# Task brief
Your answer must be the lines from the first one in the material through the line with "Hộp đựng đũa", retyped exactly and with no pictures.

═══ Source information

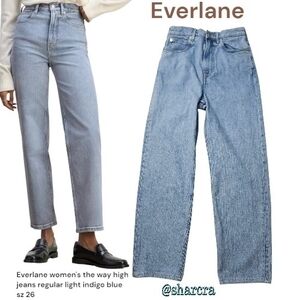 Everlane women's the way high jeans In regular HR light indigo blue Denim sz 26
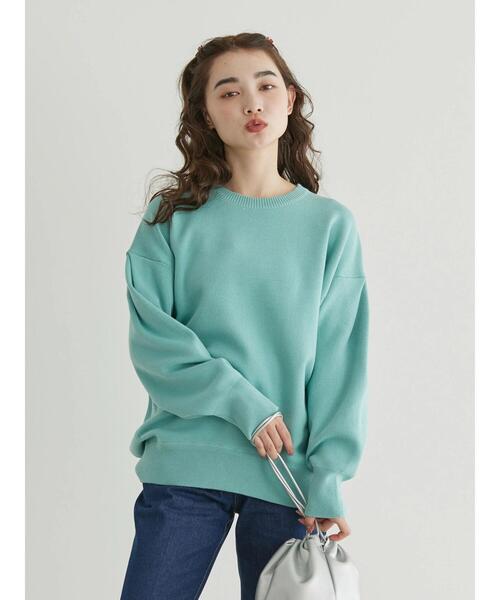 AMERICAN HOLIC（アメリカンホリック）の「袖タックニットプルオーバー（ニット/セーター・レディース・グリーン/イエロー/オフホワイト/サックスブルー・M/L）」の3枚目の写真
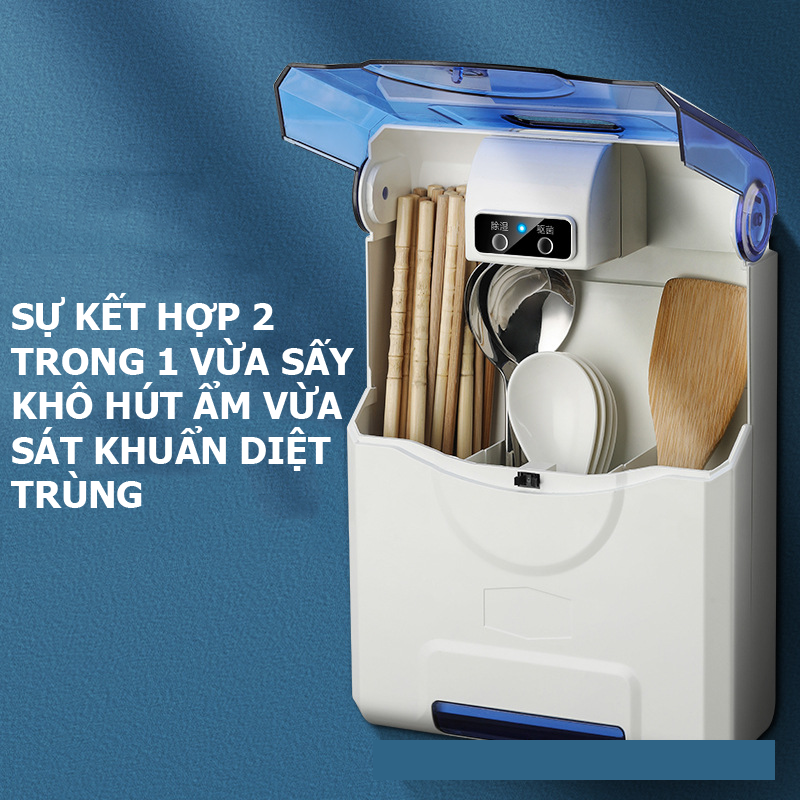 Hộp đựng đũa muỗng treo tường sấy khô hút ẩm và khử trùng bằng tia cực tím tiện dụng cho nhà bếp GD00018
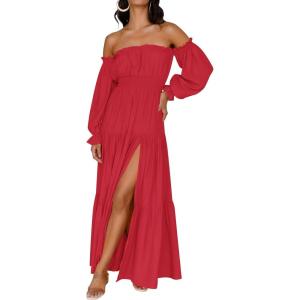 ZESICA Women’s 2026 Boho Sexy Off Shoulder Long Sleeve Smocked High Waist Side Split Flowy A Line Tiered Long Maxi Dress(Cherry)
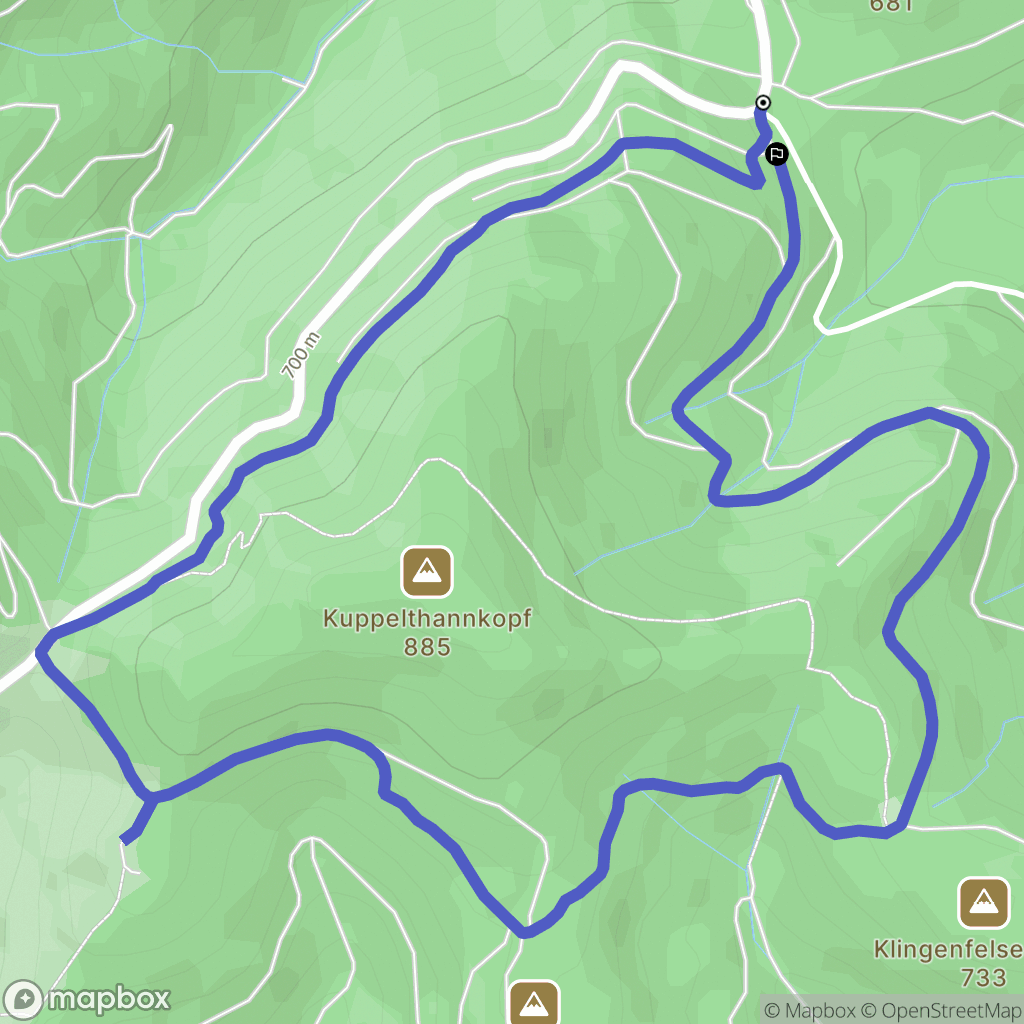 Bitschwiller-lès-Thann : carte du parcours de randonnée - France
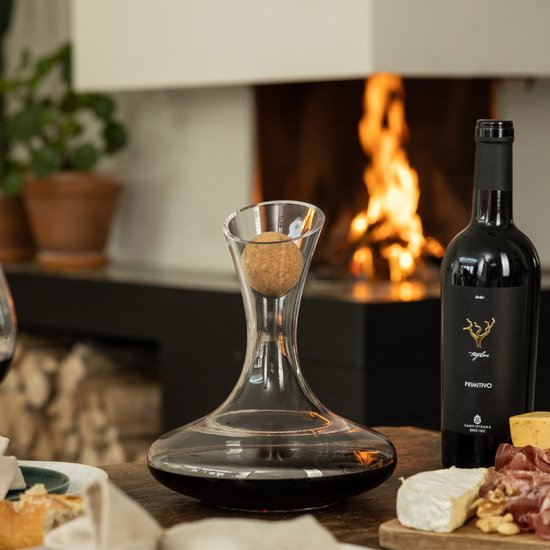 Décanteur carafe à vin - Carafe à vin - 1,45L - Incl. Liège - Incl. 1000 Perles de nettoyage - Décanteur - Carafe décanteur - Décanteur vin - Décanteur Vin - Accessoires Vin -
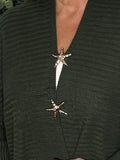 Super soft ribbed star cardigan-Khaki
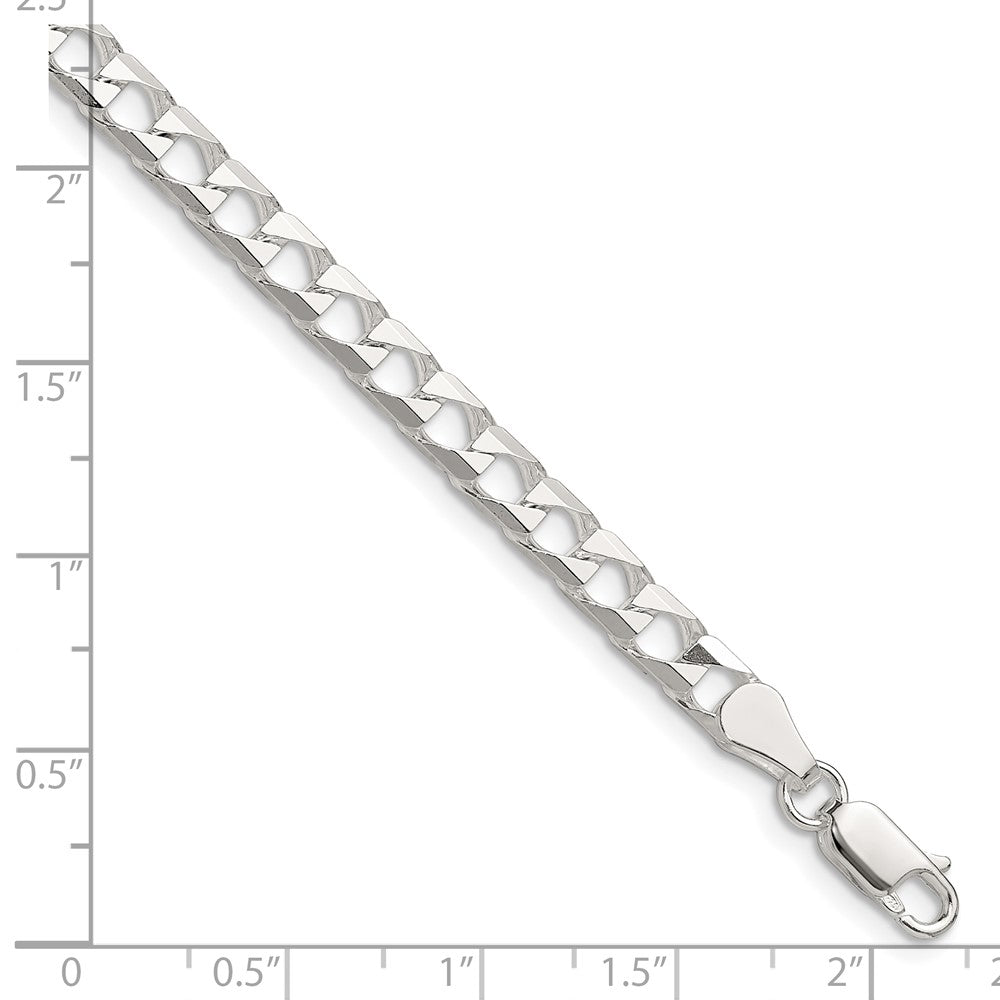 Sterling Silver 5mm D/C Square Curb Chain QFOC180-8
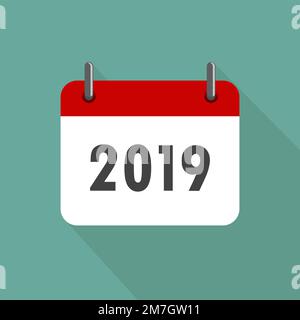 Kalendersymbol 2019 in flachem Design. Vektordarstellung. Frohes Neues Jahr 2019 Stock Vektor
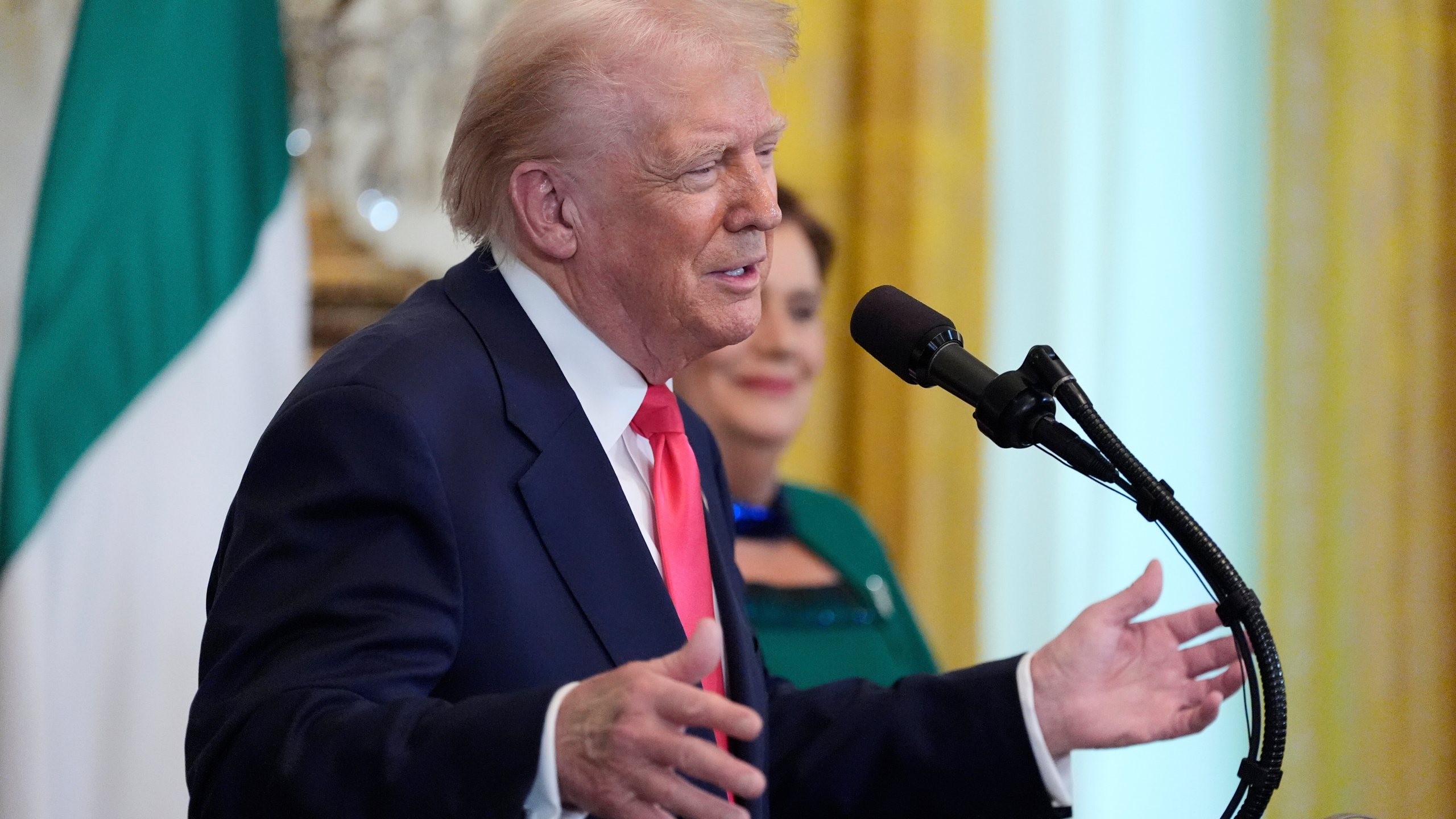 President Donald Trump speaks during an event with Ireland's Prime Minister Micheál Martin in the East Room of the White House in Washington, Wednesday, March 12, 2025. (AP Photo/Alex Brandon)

══════

# Response
 Everlane women's the way high jeans In regular HR light indigo blue Denim sz 26
 AMERICAN HOLIC（アメリカンホリック）の「袖タックニットプルオーバー（ニット/セーター・レディース・グリーン/イエロー/オフホワイト/サックスブルー・M/L）」の3枚目の写真
 Hộp đựng đũa muỗng treo tường sấy khô hút ẩm và khử trùng bằng tia cực tím tiện dụng cho nhà bếp GD00018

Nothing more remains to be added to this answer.